Is fasting going to murder me?
May 11, 2017 9:12 PM   Subscribe

I'm going to do a 10 day water fast. I don't think this will murder me, for several reasons. Also I will probably quit after one day, so that's a big one. Is there anything in particular I should know or prepare for? Or prepare to consume ( vitamins?) to stave off <thing>. Have you done something similar before? What was your experience?
posted by so fucking future to Health & Fitness (15 answers total) 3 users marked this as a favorite
Best answer: This is a doable thing for some people. It may or may not be doable for you. If you've never fasted before, I think a 10 day water fast might be a bit intense.

The big danger is super low blood sugar making you faint. You can train your body to go into fasting mode, but not all at once. You get how Couch to 5k is a process? You don't just hop up, wipe off the Cheeto crumbs and blast down the street for 3 miles. This is a process too :)

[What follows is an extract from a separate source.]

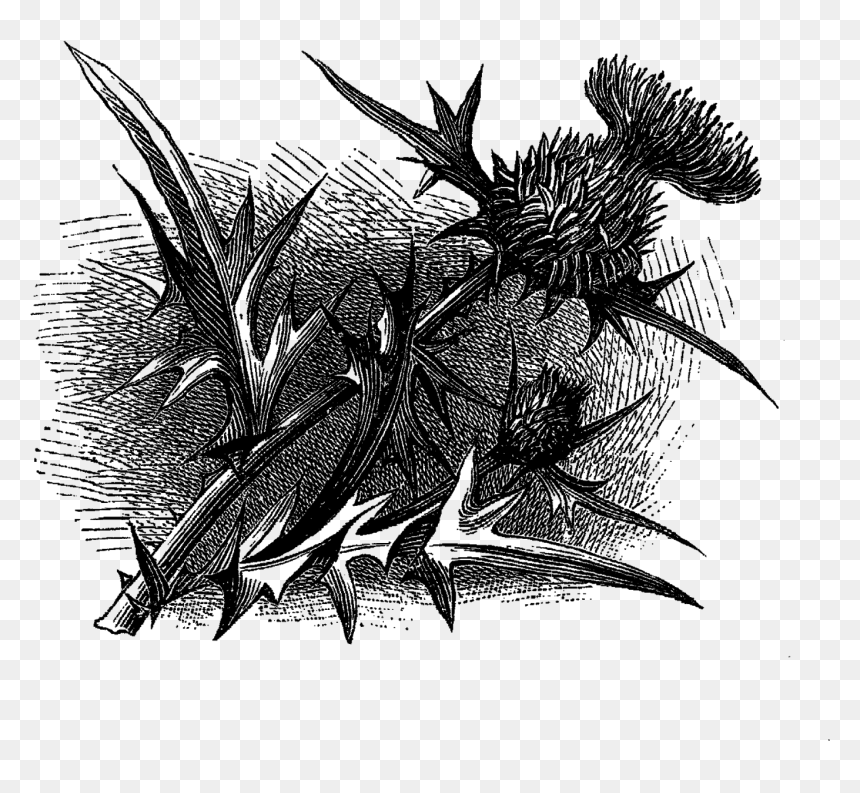 Wildflower Floral Image Transfer Printable Flower Clipart - Sketch, HD Png Download - thistle png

Maybe start with a one day juice fast (veggie juice with a little fruit, not just fruit juice) and see how it feels. If you can handle that, try two days next time. Wait at least a week between fasts. If you can do a 10 day juice fast, try a 1 day water fast and build up from there.

If you can do it all? Great! If not? Also fine. Some people can't fast at all. Some can do a few days, but not on a water fast. It's ok to not be able to fast, it's not a sign of weakness, it's just how your body works.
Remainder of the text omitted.